Atmospheric shot of narrowboats on the Shropshire Union Canal
Narrowboats on the Shropshire Union Canal. Photograph: Gary Calton/The Observer

Saville, who lives on a boat and moves from place to place across the UK, said most boaters accepted air pollution was harmful: “They know wood smoke is dangerous to health, including their own. But they need to stay warm. They should not be criminalised for what is basically survival.”

Councils are unlikely to have the resources to regularly monitor the output of people’s chimneys so they will rely on public complaints. The NBTA said this could be abused by residents hostile to itinerant lifestyles. “There is a risk that the smoke controls could be used to move on boaters,” said Saville. “Unfortunately there is an issue with resentment towards itinerant populations here in the UK.”

Sandwell council said: “Air pollution is a significant issue in Sandwell and some of the most harmful man-made air pollutants are emitted from wood and coal burning stoves, which is why we are introducing a borough-wide Smoke Control Area.

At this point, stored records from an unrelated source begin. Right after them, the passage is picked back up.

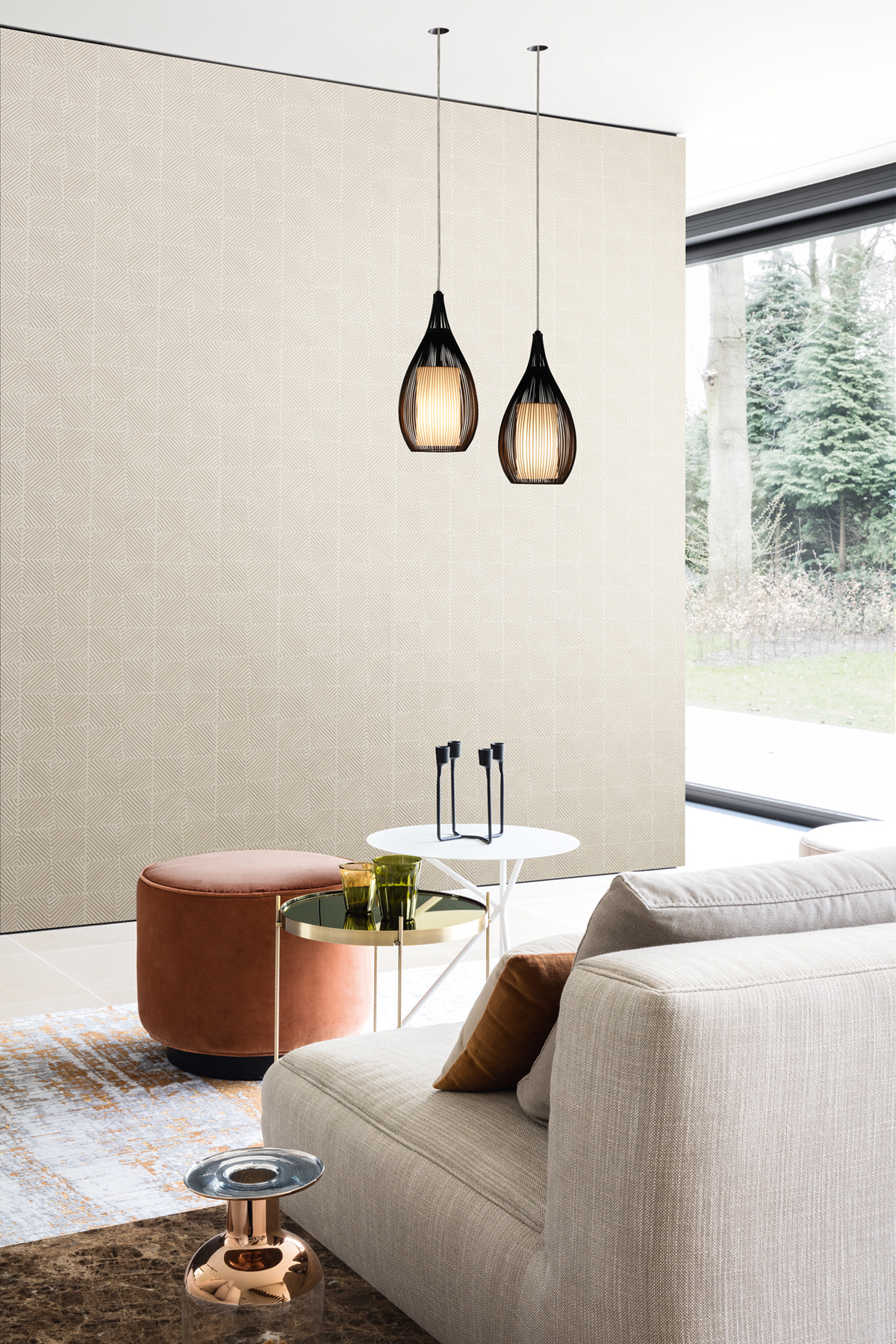 Papier peint Carré Tyre lin nacré - The Texture Book de Masureel | Réf. MAS-EAR304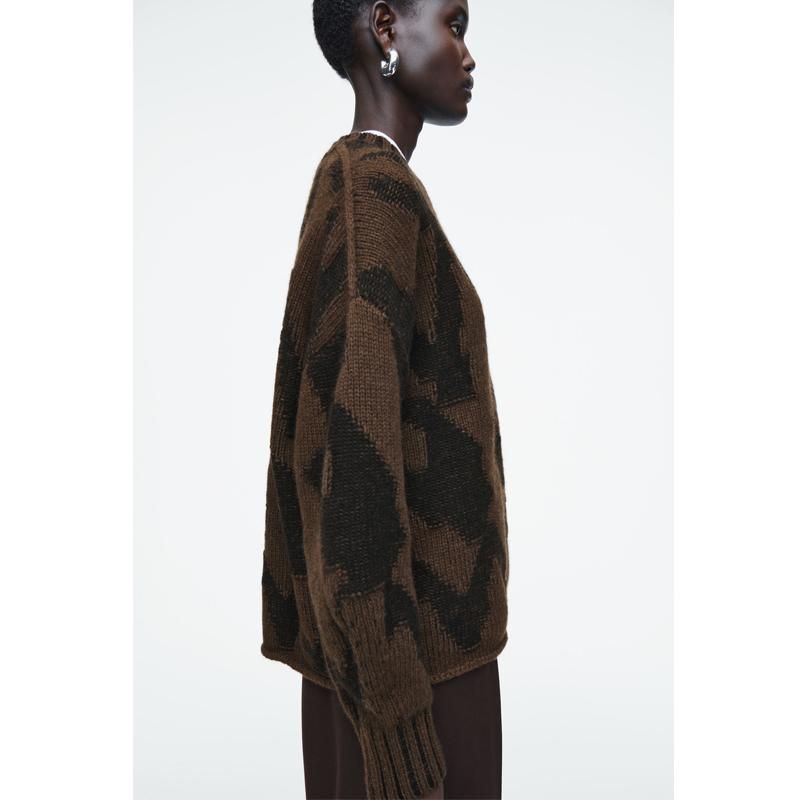 CS Fall and Winter New Women's Clothing Casual Version round Neck Long Sleeves Abstract Jacquard Pullover Knitwear 1265494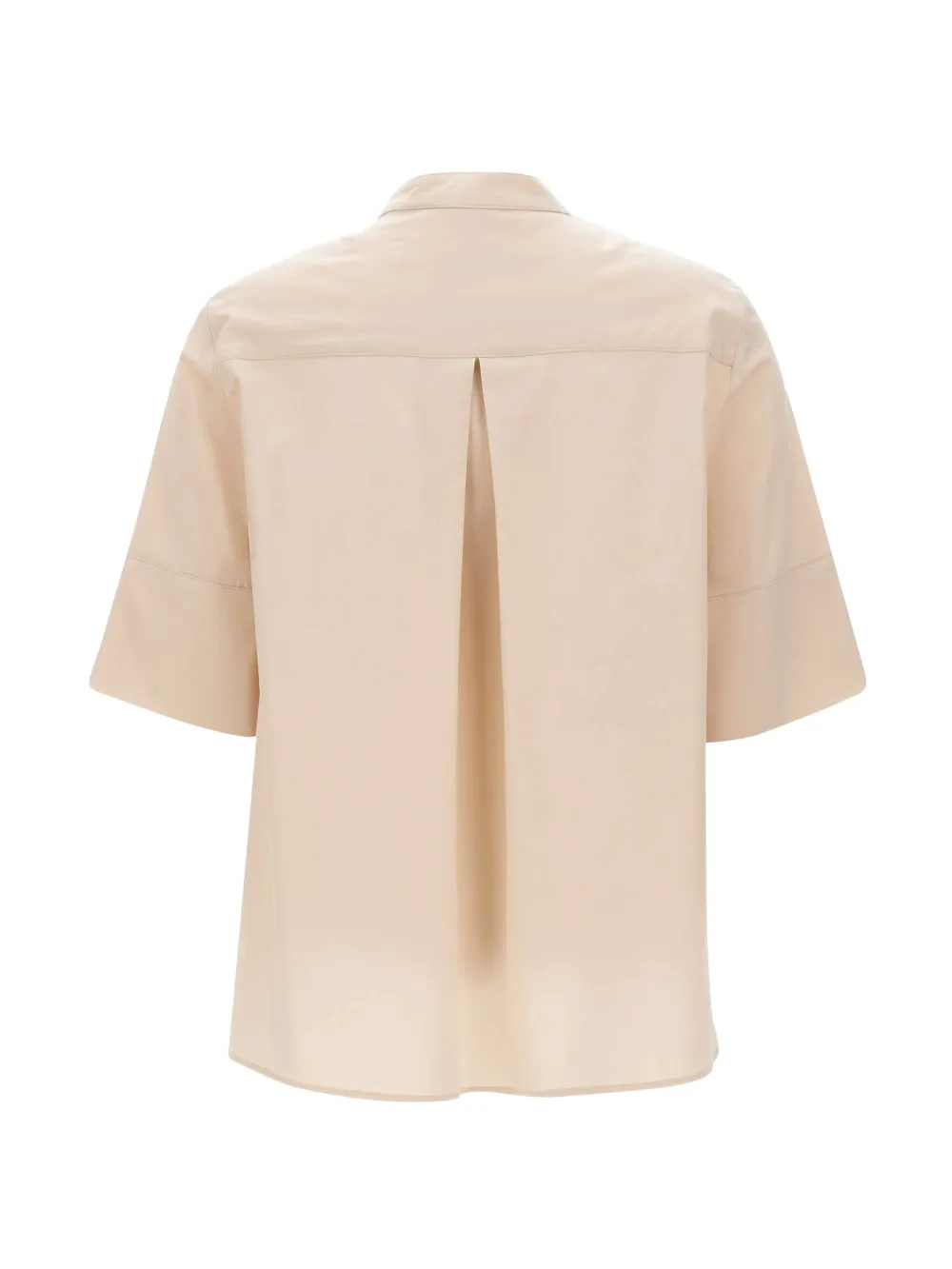  Elena Miro` Band Collar Buttoned Shirt - Neutrals 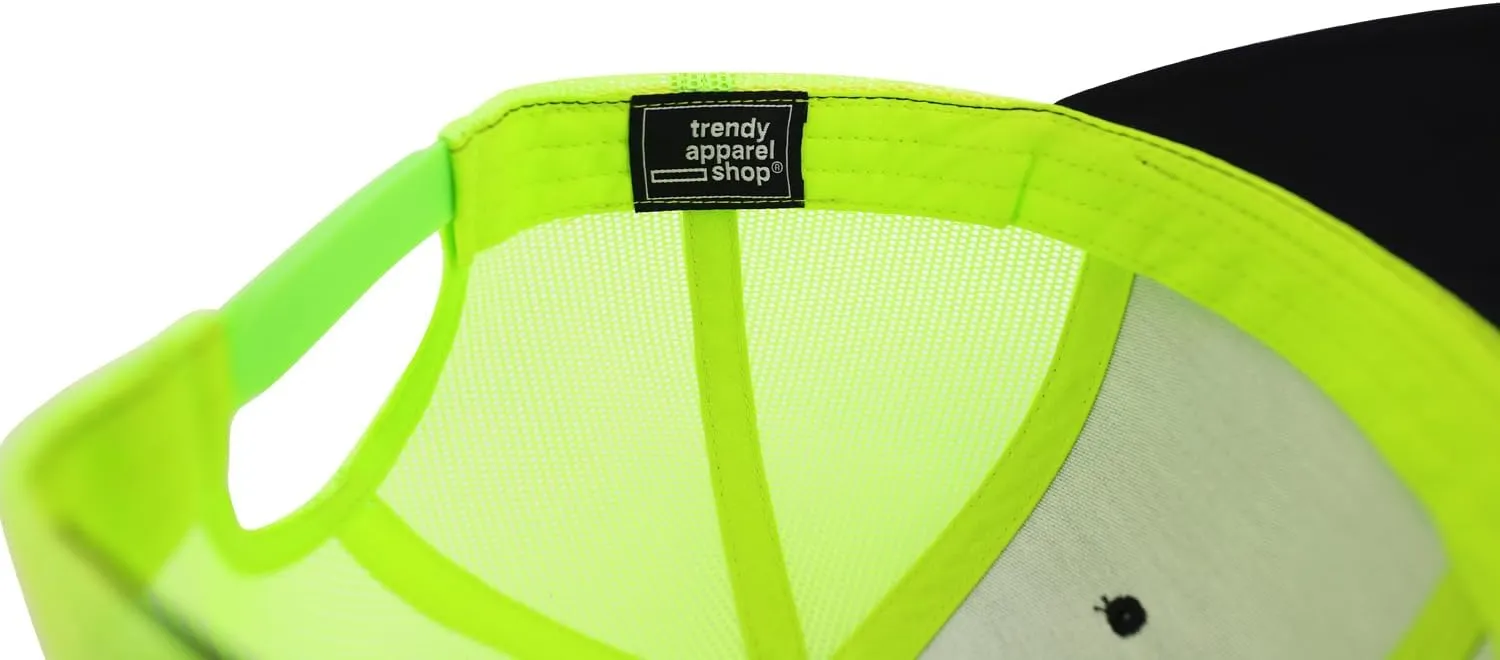 Trendy Apparel Shop Flexfit Oversize XXL Structured Blank 6 Panel Retro Trucker Mesh Cap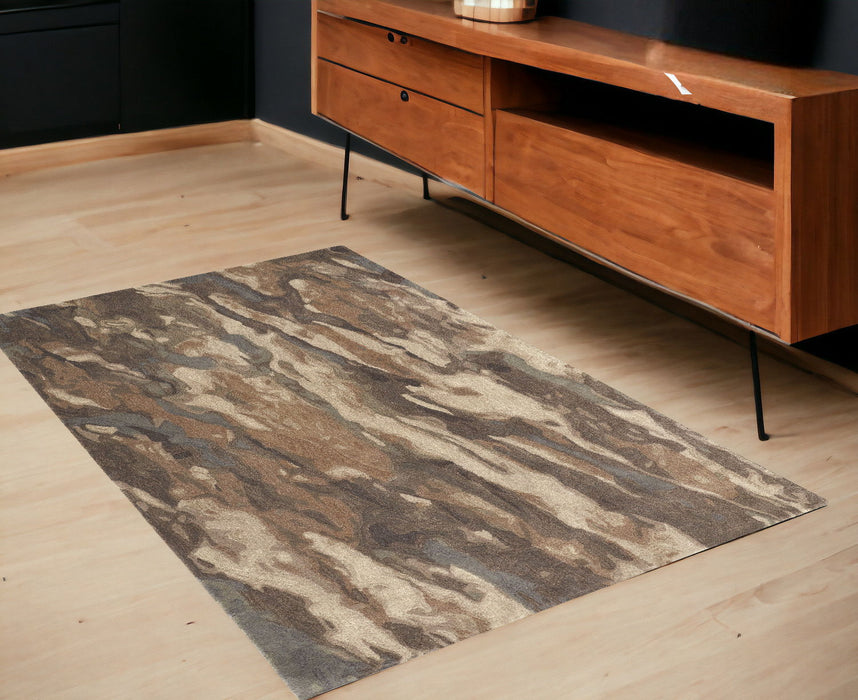 4' x 6' Wool Abstract Hand Tufted Area Rug - Green And Ivory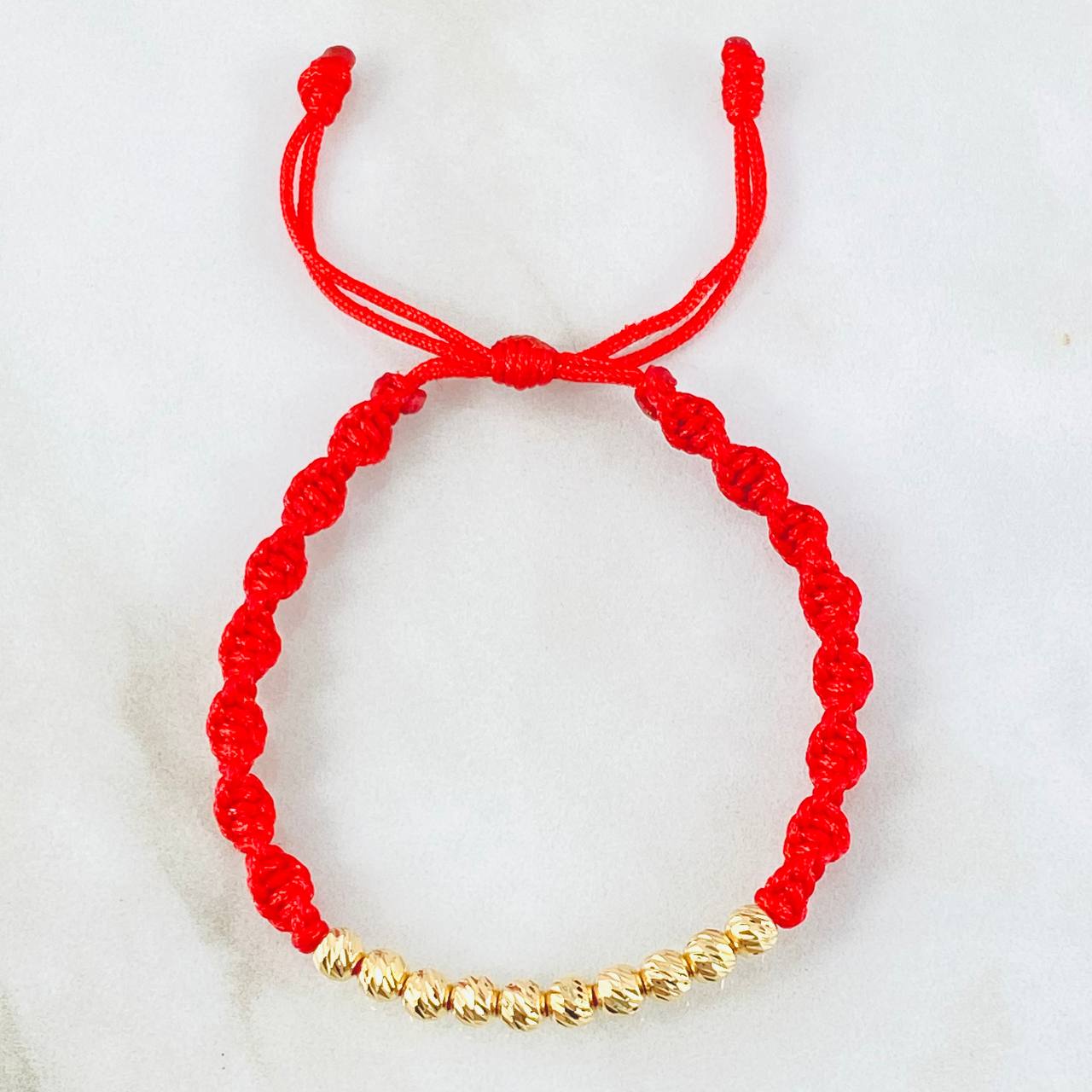 Pulsera Roja Bolas 1.05gr / Oro Amarillo 18K *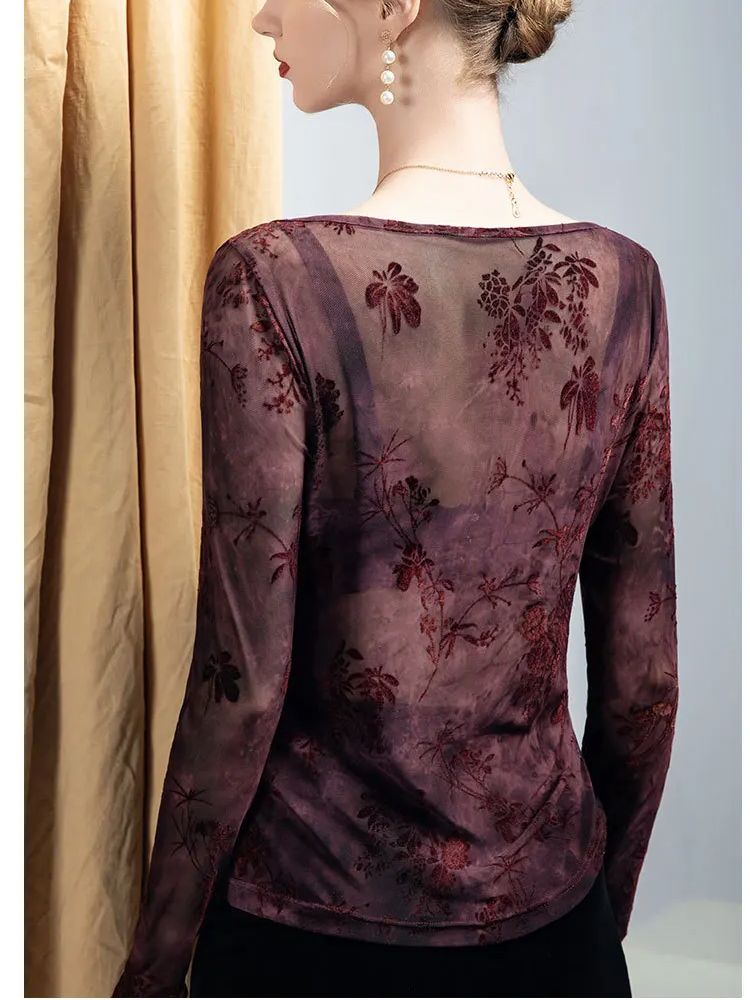 Women's Round Neck Flocked Pri - Women'S Fashion Trends Fall 2025 recension och pris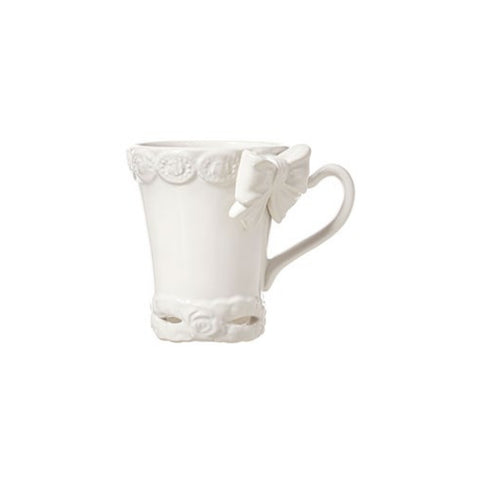 L'ARTE DI NACCHI Set 2 tazze da tè con fiocco ceramica bianca 350 ml KF-39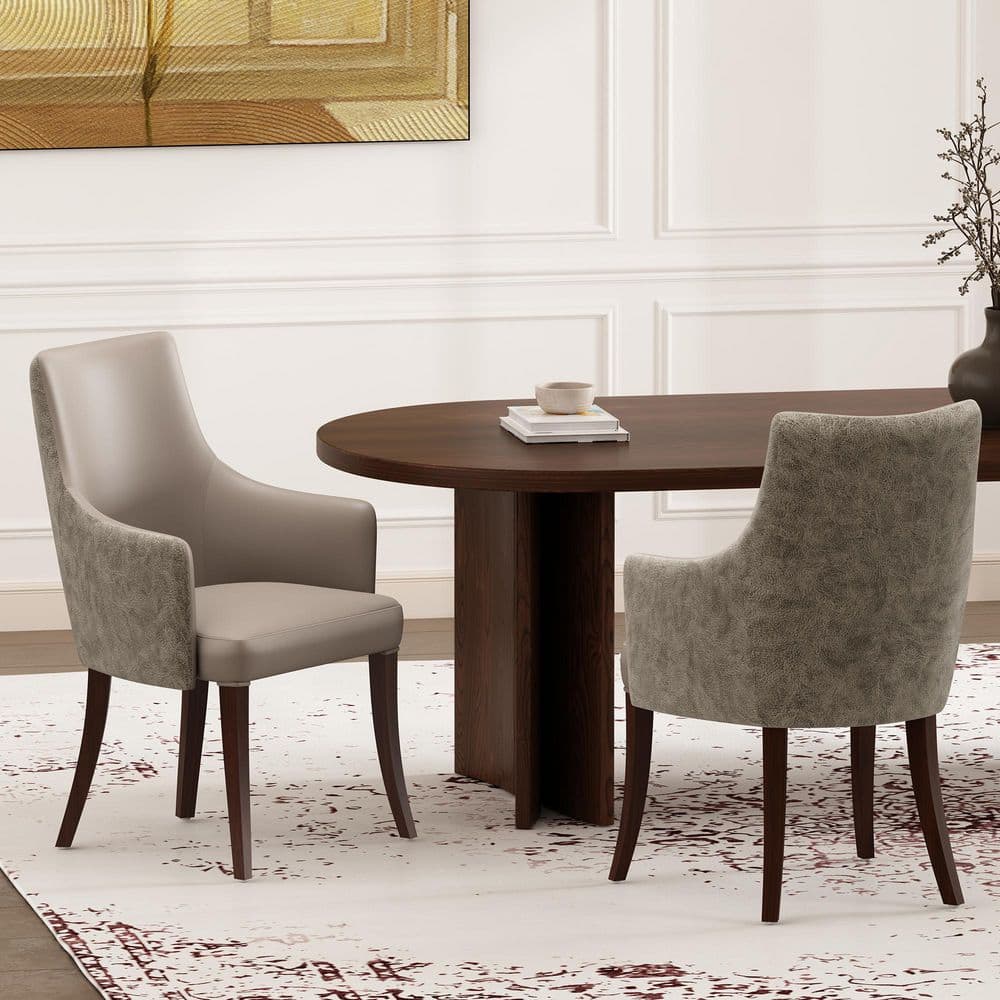 Connie Modern Taupe Vegan Leather and Velvet Upholstered Dining Arm Chair (Set of 2)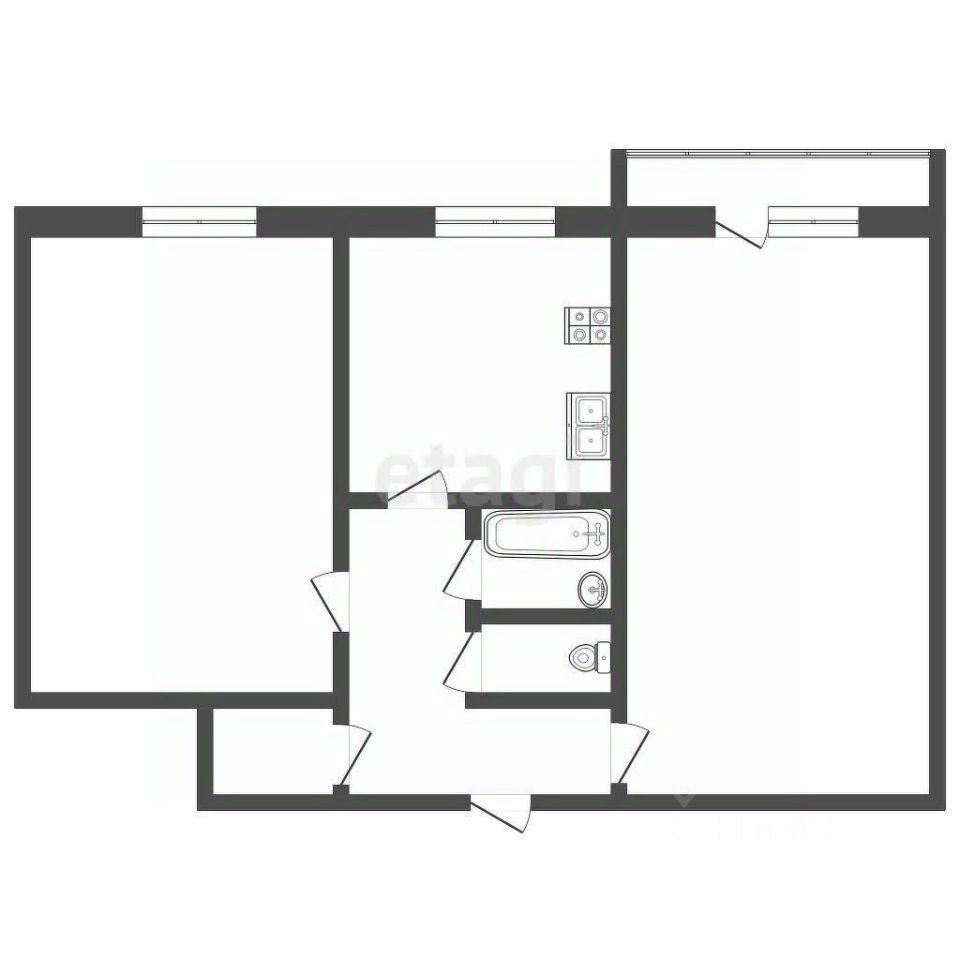 Комната 2-комн. 44.4 м² в рп Углеуральский — миниатюра 11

“This does not ban domestic solid fuel burning, but it will require residents to take responsibility over the fuels they burn and to consider using exempt appliances.”

Defra said councils were required to consult boat owners on smoke controls and consider the impact on vulnerable groups: “Our Environment Act made it easier for local authorities to reduce pollution from domestic burning in smoke control areas.”